Dealing with five axes when machining isn’t a simple process in any industry, but it gets especially interesting in the realm of aerospace. When we’re talking about subtractive manufacturing in general, you have to consider everything from your material and holding that work to your tooling and the toolpaths to get to your finished part. Adding more axes makes not only your toolpath and feeds-and-speeds choices more complicated, even choosing your machine can get complicated.
There are a lot of things to consider when looking for a 5-axis CNC machine for milling in the aerospace industry, and the options might not be as intuitive as you think.
Most folks in the world of manufacturing and engineering are often anchored in their tool choices by the bottom line – i.e. cheapest has a head start in the decision – but when considering a machine for aerospace manufacturing, price is often one of the lowest priorities.
Why 5-Axis Machining for Aerospace?
One of the biggest reasons 5-axis machining is so prevalent in the world of aerospace is machine setup. The parts often have complex geometries that don’t easily lend to 3- or 4-axis operations. While many of the parts might be possible without five axes, you’d have to continuously refixture your part. In other words, you could only machine one section of that part, take it off, refixture it, and machine your next section, and repeat, just to get the geometry correct.
A perfect example of this is NASA’s Orion bulk head, which is domed near the heat shield. It’s a big forged piece of aluminum and all the pockets are normal to the surface, so you wouldn’t be able to get those angles with any other operation.
Another key element of manufacturing in the aerospace industry is weight reduction – you’re building a machine that flies, after all. More often than not, the goal is to find the best way to get the most strength with the least amount of weight. This is a major factor in defining all the weird geometries in aero, and to that end, the need for 5-axis machining.
Defining Your Work Envelope
The aerospace industry has a broad array of parts, components, and structures that require varying levels of machining, molding, and even additive manufacturing. Defining your work envelope before buying a machine is vital to making the right choice.
Some machined parts are massive, like fuselage sections. Five axes (or even six or seven) are necessary for this type of machining, but the real catch is that the machine itself ends up being the size of a building.
In situations like this, every milling machine is custom-built for a specific part, and the machine is rarely reused after production of that particular part stops. Those machines are typically in operation for five to ten years, so once the part is no longer made, the technology has advanced so much that it’s more efficient to just upgrade to a new machine. Even if it costs $10M for just one of those new machines, you’re going to make it up in time savings and production.
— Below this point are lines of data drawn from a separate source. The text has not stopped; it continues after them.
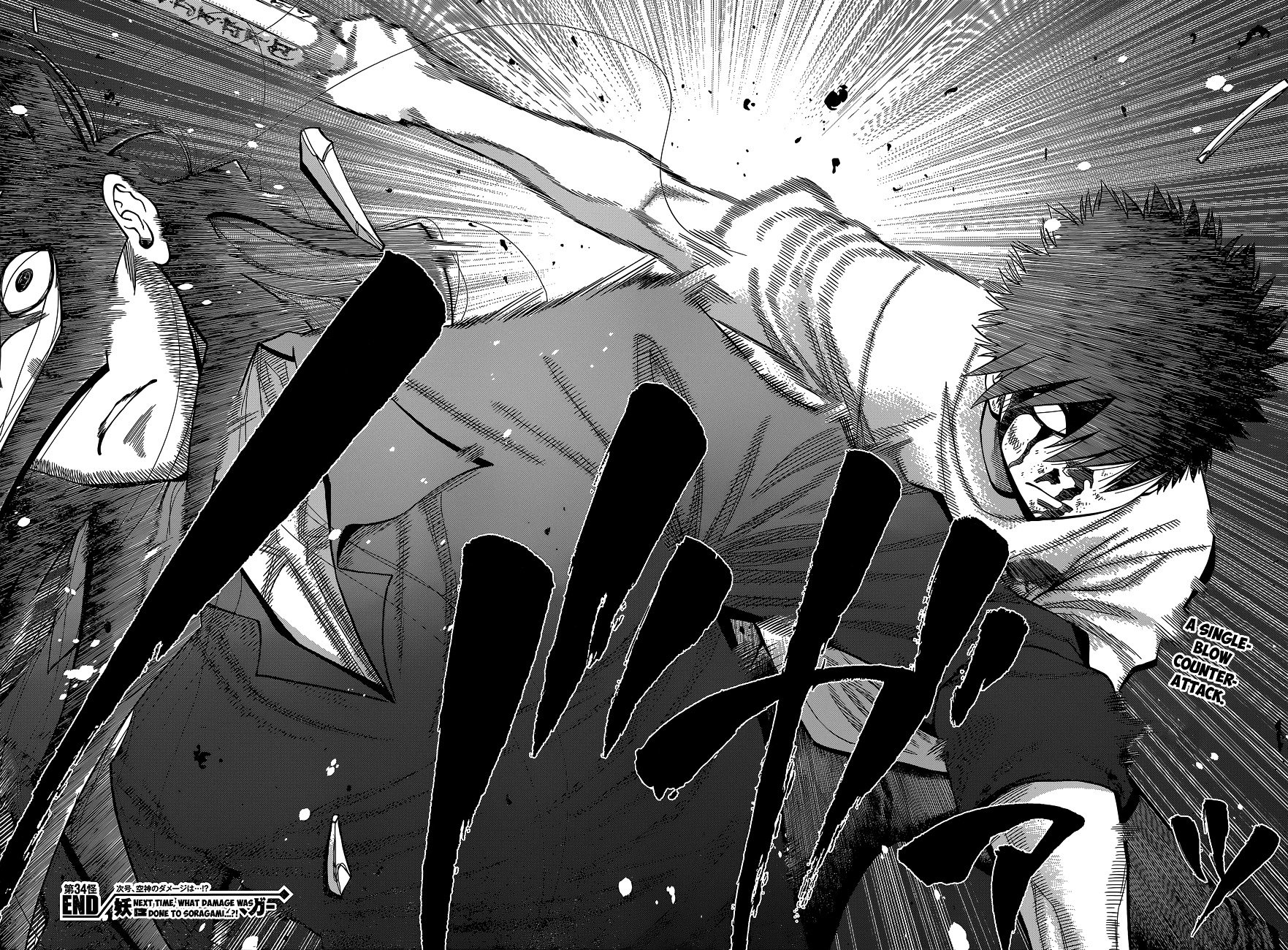 Page 17 of Chapter 34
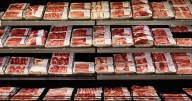 Warning for UK households buying bacon and ham in England supermarkets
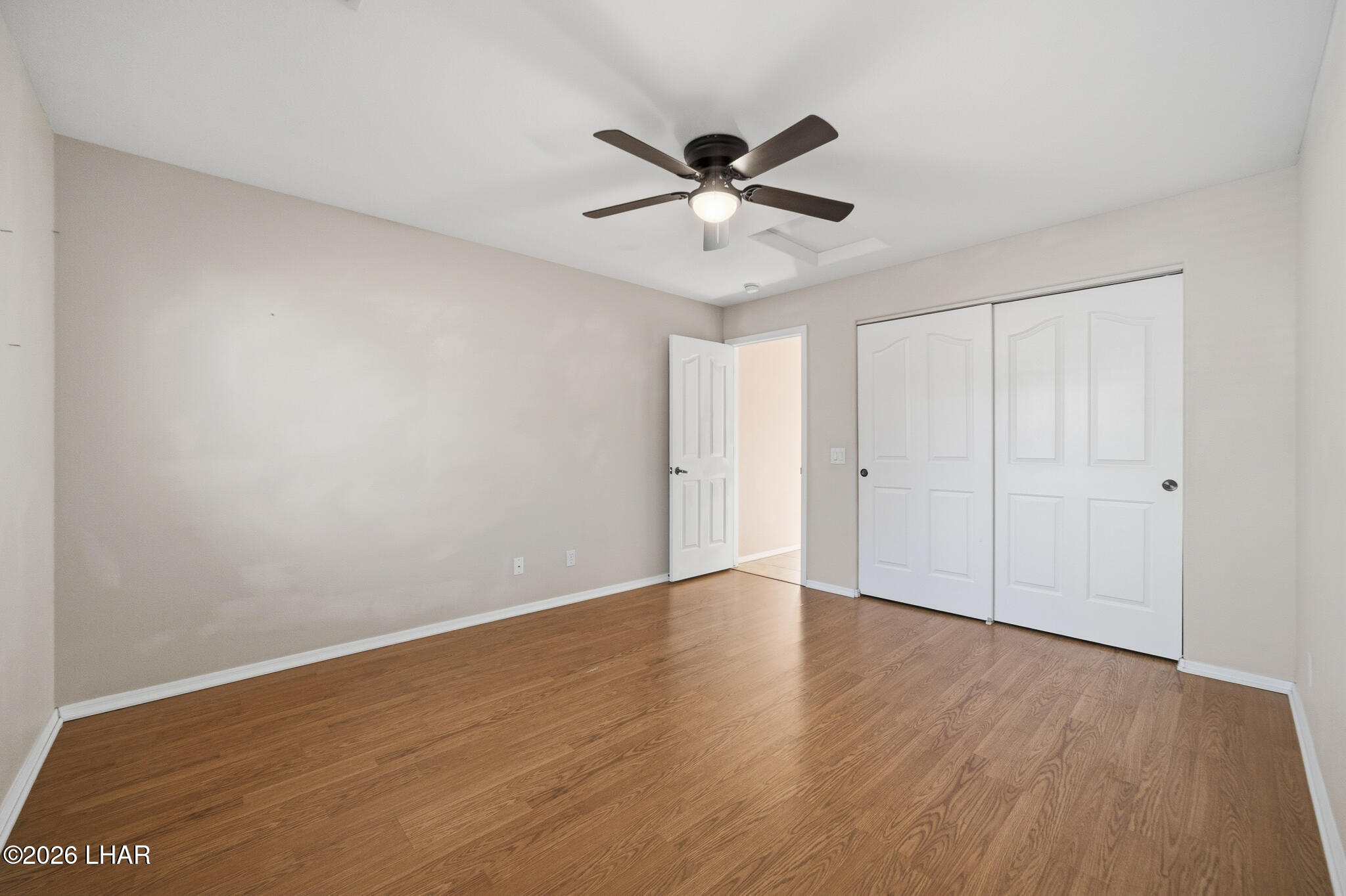 621 Rolling Hills Dr Property Photo 29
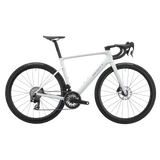Scott Addict RC Team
There is plenty of work to be done with smaller work envelopes as well. 5-axis machines that aren’t made as one-off production machines are usually off-the-shelf tool room-style machines and are typically used in R&D centers of aerospace organizations. That’s where they’ll reconfigure the machines a lot to do different parts, like a SkunkWorks or Boeing’s Phantom Works. But, these off-the-shelf machine tools can also be used for production of smaller parts, like landing gear – which is still a large component that can reach the size of a decent office – but the principles stay the same.
When aerospace designers and engineers are designing parts that are smaller, most of the time, they aren’t terribly hard to manufacture; in fact, those parts are often designed to be made specifically in an off-the-shelf machine with some modular fixturing because they know the part will be manufactured in those types of machines – the designers know they have to design the parts to be manufactured on a pretty standard machine. The importance of designing for manufacturing can be see first-hand in these situations.
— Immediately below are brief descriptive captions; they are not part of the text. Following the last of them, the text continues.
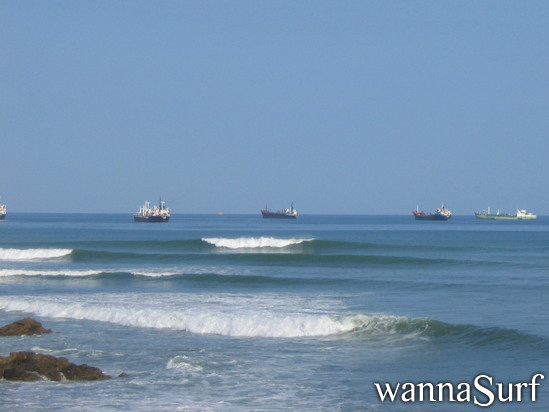 surf photo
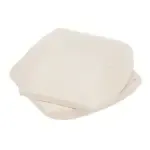 Franklin 1331555, Replacement Parts, Temperature Components, Burners, Grates and Radiants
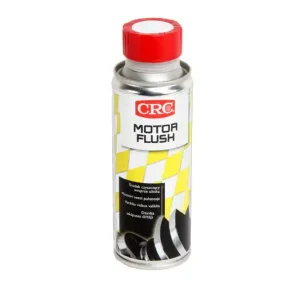 CRC • CRCMOTORFLUSH200ML Moottorin puhdistusaine 200ml Edullinen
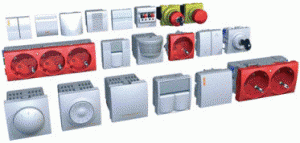 schneider-electric-altira
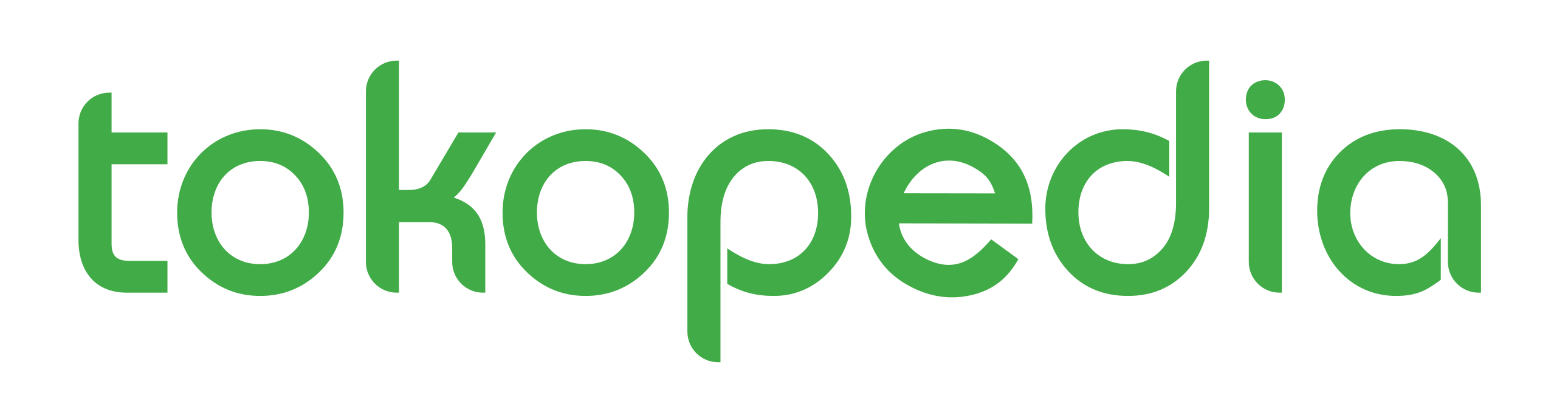 Tokopedia-Logo.wine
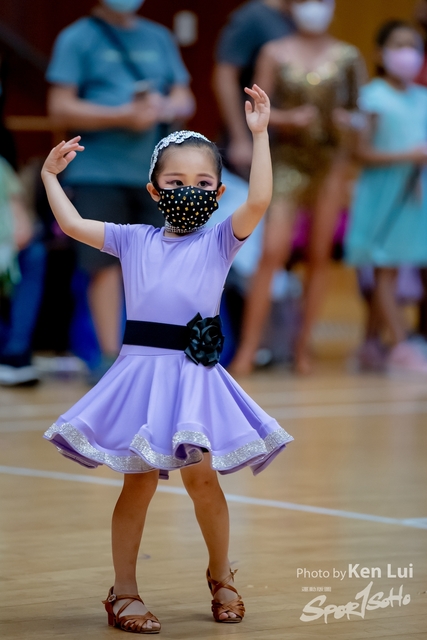 20220925Dance-1773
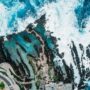 Tour 360 y dron, el doble de visitas en listings de Tenerife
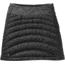 Outdoor Research Plaza Skirt - Women's-Black-Medium, 415787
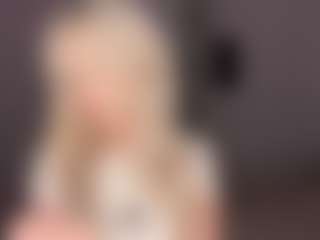 Veta's Live Sex Cam Show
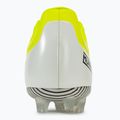 Scarpe da calcio MUNICH Arenga FG amarillo 6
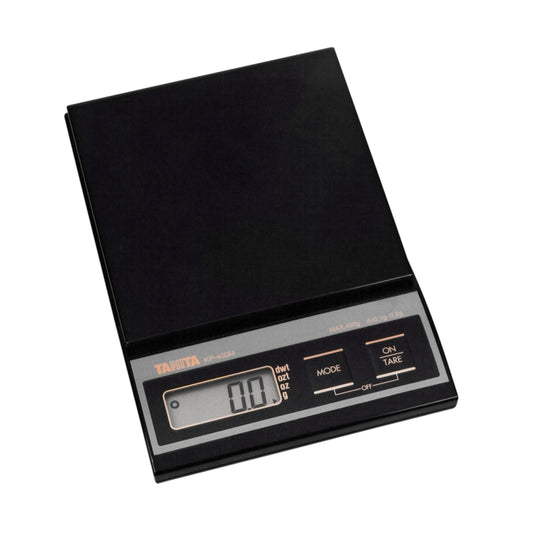 KP-400m Tanita Skala (400x0.1g)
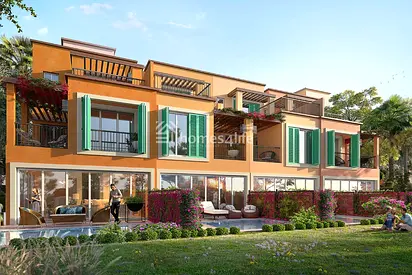 GENUINE RESALE | PERFECT LOCATION | VASTU UNIT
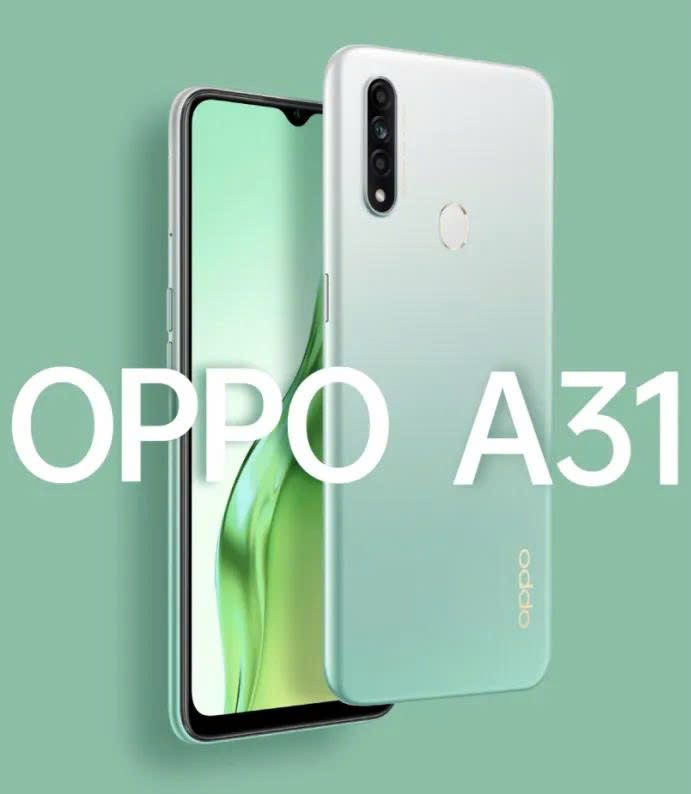 z7236026542420 c9eed3cced91c8eb2652747ada81983e e1763447440641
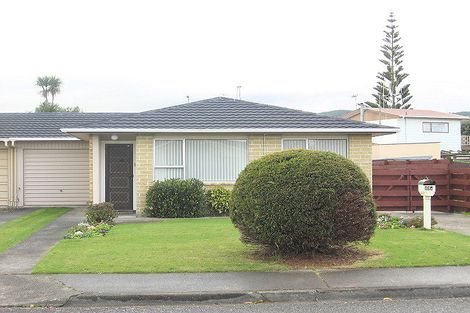 Photo of property in 23b Manawa Avenue, Raumati Beach, Paraparaumu, 5032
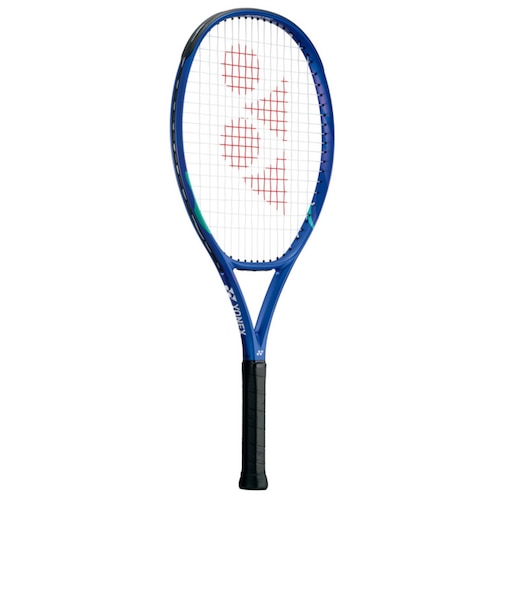 ヨネックス（YONEX）ジュニア 硬式用テニスラケット Eゾーン 25 08EZJ25G-786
Another key element to defining your work envelope is considering workholding and the actual cutting process. Again, aerospace lends to very odd- or uniquely-shaped parts, which can be even harder to hold and then you have to machine those interesting features. Once you’ve considered your part’s size, how you plan to hold that part and the tools needed should be considered. If you’re dealing with cumbersome workholding or long tools, these elements need to be taken into account when determining the size of the machine.
The Cheapest Choice Is Rarely the Best Choice
When it comes to the aerospace industry, you’re looking for which machine can produce the tolerance of part you’re requiring, in the time that you want – this is very specific to the part or type of part that you’re creating.
Once you know your work envelope and the tolerances you need to meet, your field of choices gets reduced, but there’s usually still an array of choices.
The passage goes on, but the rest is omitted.